Meet Herbig-Haro object HH 46/47, a very energetic youngster of a star 1,400 light-years away.

A star is born. Meet Herbig-Haro object HH 46/47. (Click to enlarge.)
ESO/ALMA (ESO/NAOJ/NRAO)/H. Arce. Acknowledgements: Bo Reipurth

Everyone welcome another newborn to our galaxy. For now, we only know her as the Herbig-Haro object HH 46/47 (and I thought the hyphenated names in my family were clunky), and she's already a beauty. If you want to visit the new member of the family, you might want to leave soon, as she's located 1,400 light-years away in the southern constellation Vela.

The above image combines radio observations from the European Southern Observatory's Chile-based Atacama Large Millimeter/submillimeter Array (ALMA) with much shorter wavelength visible light observations from ESO's New Technology Telescope (NTT). According to the ESO, the ALMA observations are seen in orange and green to the lower right of the newborn star, and reveal a large energetic jet moving away from us. The pink and purple shapes to the left are parts of the jet that can be observed through visible light that is streaming partly in our direction.

In plainer English, what we're seeing here is a new star shooting off material at speeds up to 1 million kilometers per hour. As that material collides with surrounding gas, it glows.

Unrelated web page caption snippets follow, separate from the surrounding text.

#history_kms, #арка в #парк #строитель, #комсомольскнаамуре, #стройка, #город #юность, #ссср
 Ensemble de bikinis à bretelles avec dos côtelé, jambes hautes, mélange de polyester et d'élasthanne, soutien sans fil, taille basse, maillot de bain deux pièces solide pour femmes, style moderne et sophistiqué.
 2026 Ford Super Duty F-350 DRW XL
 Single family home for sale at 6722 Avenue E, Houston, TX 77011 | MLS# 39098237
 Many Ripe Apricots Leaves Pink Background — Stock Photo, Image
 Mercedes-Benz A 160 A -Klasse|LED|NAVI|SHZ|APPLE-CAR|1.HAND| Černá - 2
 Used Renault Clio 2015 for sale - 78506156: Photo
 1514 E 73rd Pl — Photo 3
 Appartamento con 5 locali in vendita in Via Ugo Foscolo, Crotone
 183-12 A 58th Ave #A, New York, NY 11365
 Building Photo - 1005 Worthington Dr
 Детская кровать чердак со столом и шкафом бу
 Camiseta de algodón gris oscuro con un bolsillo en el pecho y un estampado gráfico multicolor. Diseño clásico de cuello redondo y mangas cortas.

ALMA, which was actually still under construction at the time of the observations, provides sharper images than its predecessors, allowing scientists to determine that those crazy, glowing streams of stellar afterbirth are being ejected at higher speeds than previously measured and carrying more energy and momentum than previously thought.

"ALMA's exquisite sensitivity allows the detection of previously unseen features in this source, like this very fast outflow," explained Yale's Héctor Arce, who was lead author on a paper (PDF) detailing the observations.